Can I Include Credit Card Debt & Home in a Bankruptcy?
- If you are struggling with unsecured debt such as credit card balances, your best option can often be Chapter 7, or a liquidation bankruptcy. This wipes away all of your unsecured debt, although some of your possessions can be seized to pay your creditors. To qualify for Chapter 7 you must pass a means test that demonstrates you cannot pay back your debts.
- You cannot wipe away secured debt such as a mortgage in a Chapter 7 filing. If you are behind on your mortgage, you will still have to make this good if you want to keep your home and avoid foreclosure. If you have significant equity in your home, it may be in danger of being seized and sold to pay off your creditors. This depends on the level of homestead exemption allowed under your state laws.
- Chapter 13 is sometimes chosen by people who need to save their homes from foreclosure. Chapter 13 includes a repayment plan as a way for you to pay back at least a portion of your debts.

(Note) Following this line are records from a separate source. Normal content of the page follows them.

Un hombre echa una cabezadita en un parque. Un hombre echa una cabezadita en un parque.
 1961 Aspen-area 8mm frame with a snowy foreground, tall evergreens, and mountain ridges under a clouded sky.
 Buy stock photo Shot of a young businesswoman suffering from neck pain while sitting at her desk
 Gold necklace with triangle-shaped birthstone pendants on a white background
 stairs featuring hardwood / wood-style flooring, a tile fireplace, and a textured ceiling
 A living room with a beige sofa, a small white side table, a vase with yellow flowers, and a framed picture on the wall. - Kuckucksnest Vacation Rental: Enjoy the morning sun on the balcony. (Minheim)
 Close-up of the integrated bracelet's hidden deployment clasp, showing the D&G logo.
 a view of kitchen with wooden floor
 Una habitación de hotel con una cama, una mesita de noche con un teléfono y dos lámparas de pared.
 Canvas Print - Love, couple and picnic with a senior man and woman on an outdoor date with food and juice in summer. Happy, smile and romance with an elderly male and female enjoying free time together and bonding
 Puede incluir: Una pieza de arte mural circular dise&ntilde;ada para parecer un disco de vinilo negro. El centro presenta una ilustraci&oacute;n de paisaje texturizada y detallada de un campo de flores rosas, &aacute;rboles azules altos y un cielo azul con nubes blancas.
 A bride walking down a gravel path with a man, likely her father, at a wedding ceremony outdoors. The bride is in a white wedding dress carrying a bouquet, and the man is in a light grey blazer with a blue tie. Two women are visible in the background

Your mortgage can be included in this repayment plan and if it is approved by the bankruptcy court, your lender cannot then foreclose. To keep your home safe, you must then stick to your repayment plan and get current on your mortgage within a three- to five-year time span.
- Unsecured debt such as a credit card balance is not automatically wiped away in a Chapter 13 filing the way it is in Chapter 7. At least a portion of it will usually be included in your repayment plan. It is not given as high a priority as secured debts, but you must put some portion of your disposable income toward repaying it. In practice, most people in Chapter 13 do not have to pay back the full amount of their credit card debt.